Sebastian Payne

John McDonnell vs. George Osborne on tax credits: a surprisingly calm and serious affair

George Osborne and John McDonnell went head-to-head at Treasury Questions today and one topic predictably dominated: tax credits. There was a charged atmosphere in the Commons as the shadow chancellor explained ‘the Chancellor has a choice before him’ and outlined his proposal for reversing the planned cuts to tax credits. The plan differs somewhat from Osborne’s:

‘He can push on with the tax giveaways to multinational corporations. He can press on with tax cuts to the wealthiest few in inheritance tax that he announced in his summer budgets. Or he can reverse those tax breaks for the few and instead go for a less excessive surplus target in 2019-20 and be in a position to avoid penalising the 3m working families with these tax credit cuts, and stick to his self-imposed charter.

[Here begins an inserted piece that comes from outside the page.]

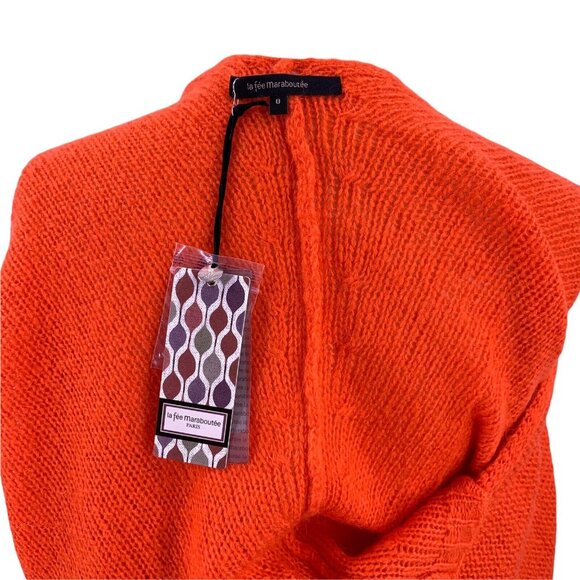 NWT La Fee Maraboutee Flame Orange Mohair Cocoon Cardigan Sweater Size 1/S - Picture 4 of 7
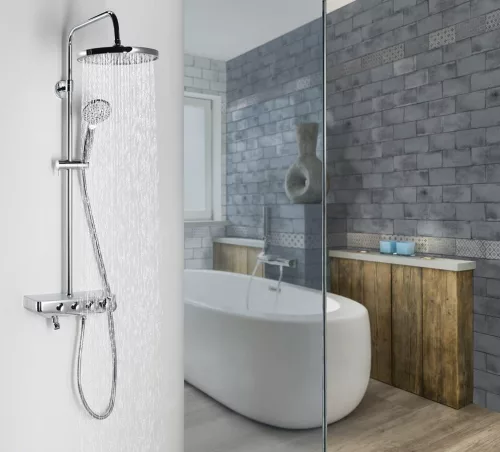 Zuhanyszett, Aqualine FARRAO zuhanyoszlop, króm SL450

‘Is he prepared to listen to reason on this matter? Is he willing, or is anyone on that side prepared to step up and show some leadership on this issue?’

McDonnell was heckled by the Tory benches ‘that’s rich!’ before Osborne responded, which can be summed up as ‘same old Labour party that can’t be trusted’:

‘Let’s remember, we inherited a tax system where city bankers were paying lower tax rates than the people who cleaned for them, and multinationals were paying no tax at all. We have introduced a new tax to make sure that multinationals do not divert their profits and we increased capital gains tax precisely to avoid that abuse of the tax rates. So we are not going to take lectures form the Labour party on a fair tax system.

‘And I would say this to him. He in a way reveals what he believes, which of course I completely respect, which is he says, “Abandon your surplus rule, run a deficit forever”.